A large portion of the interim government’s borrowing has gone to operational costs, mainly government salaries and pensions, loan interest payments, and subsidies. In the 11 months from August to June of FY 2024–25, the government spent BDT 6.04 trillion. A further BDT 1.01 trillion was spent between July and September of 2025–26. Operational expenditure over this 14-month period totalled BDT 5.39 trillion, while development spending was BDT 1.65 trillion.
With monthly outlays averaging BDT 503.86 billion, total government expenditure over the full 18-month period is set to reach around BDT 9.06 trillion.
Professor Mustafizur Rahman, Distinguished Fellow at the private research organisation Centre for Policy Dialogue (CPD), told journalists: “Borrowing more than the Annual Development Programme (ADP) allocation means loans are being used to cover operational expenses beyond the development sector. This reflects the government is unable to raise revenue. Structural rigidities in spending further constrain options. About 80 percent of revenue expenditure goes on government salaries and pensions, loan interest and subsidies — these can’t be cut. Consequently, cost-cutting alone can’t balance the books. If revenue can’t be increased, borrowing becomes necessary, and if that fails, even operational expenses must be financed through loans.”
Asked where this rising debt trajectory leads, Professor Rahman said: “If stringent cost-saving measures had been implemented, borrowing might have been lower.

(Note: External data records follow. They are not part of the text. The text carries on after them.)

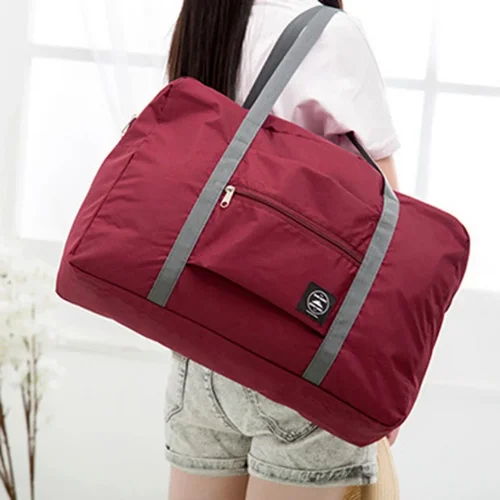 Travel Organizer Bag Multi-Function Large Capacity Women's Outdoor Handbag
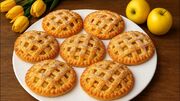 13 می روز جهانی پای سیب / طرز تهیه پای سیب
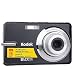 Kodak 8MP 3x Optical/5x Digital Zoom HD Camera (Black)
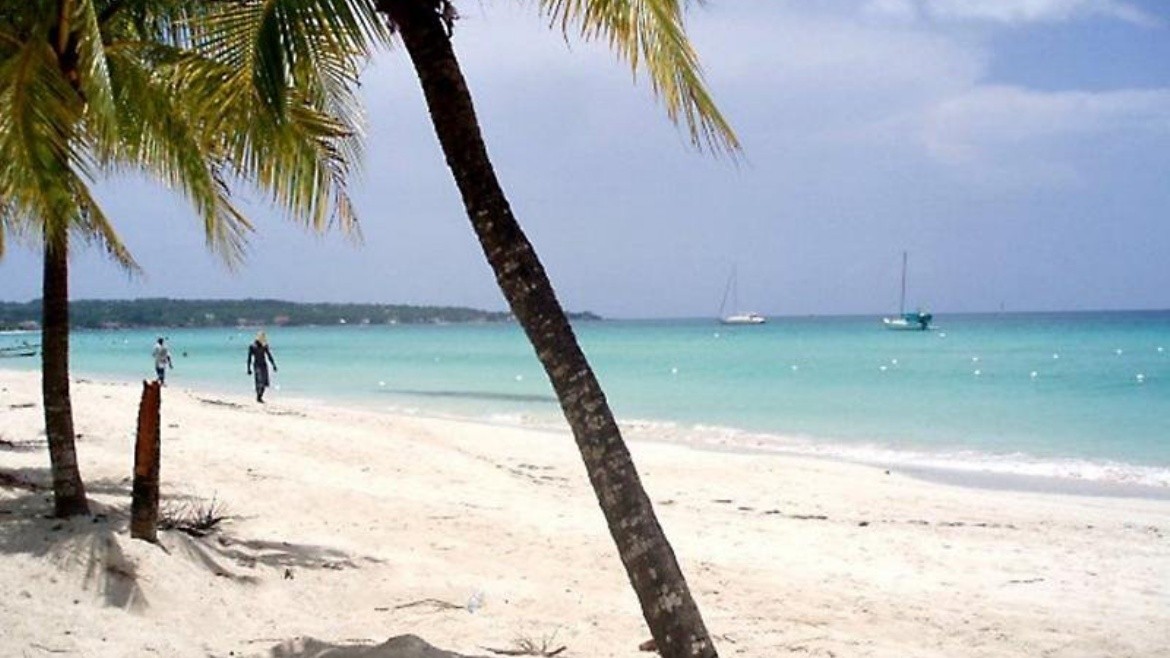 Rooms on the Beach Negril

But the interim government has not done this, making it harder for a political government to act later. For transparency, the government should clarify whether this large borrowing has funded development or operational spending. If loans have been used for operational costs, that would be a serious concern.”
Revenue collection has lagged behind the rise in government borrowing and expenditure. In the 11 months of FY 2024–25, the interim government collected BDT 4.1 trillion in revenue. NBR collected a further BDT 1.85 trillion between July and December of FY 2025–26. Total revenue in 17 months under the interim government now stands at BDT 5.95 trillion.